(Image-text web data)
⟨

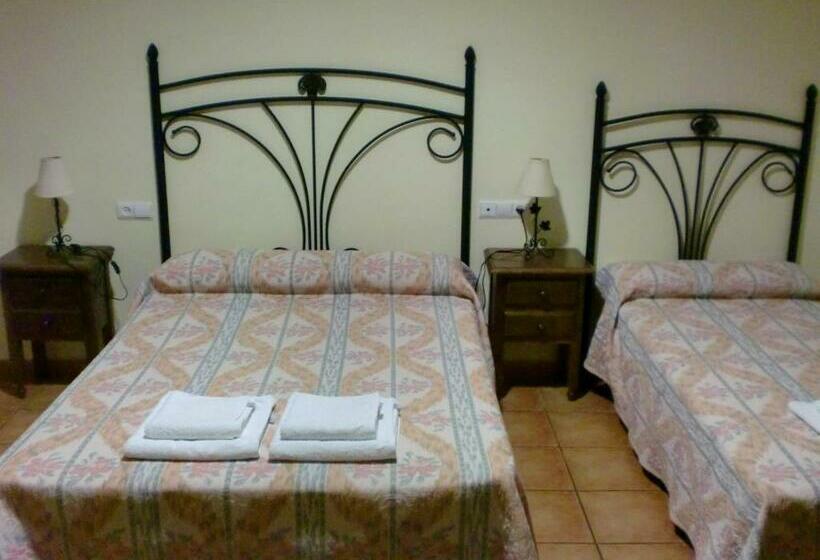 اتاق استاندارد سه نفره, Hostal Las Tres Jotas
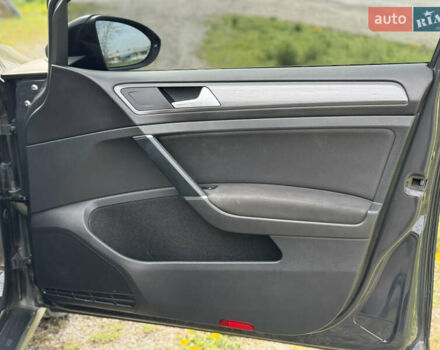 Серый Фольксваген e-Golf, объемом двигателя 0 л и пробегом 79 тыс. км за 12500 $, фото 21 на Automoto.ua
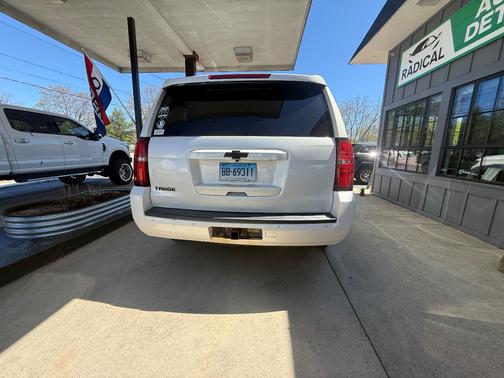 White 2015 Chevrolet Tahoe LT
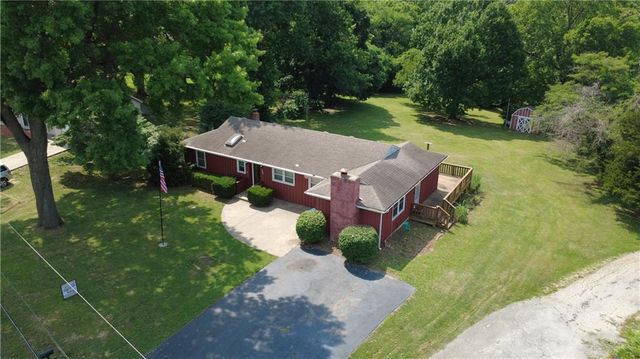 1728 S Berry Road, Independence, MO 64057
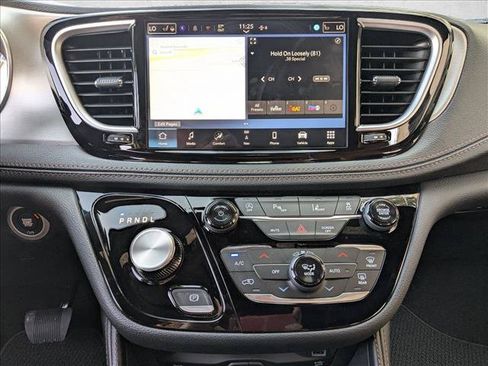 New 2026 Chrysler Pacifica Pinnacle FWD image 12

⟩

Write out each entry word for word, images excluded.

 اتاق استاندارد سه نفره, Hostal Las Tres Jotas
 Серый Фольксваген e-Golf, объемом двигателя 0 л и пробегом 79 тыс. км за 12500 $, фото 21 на Automoto.ua
 White 2015 Chevrolet Tahoe LT
 1728 S Berry Road, Independence, MO 64057
 New 2026 Chrysler Pacifica Pinnacle FWD image 12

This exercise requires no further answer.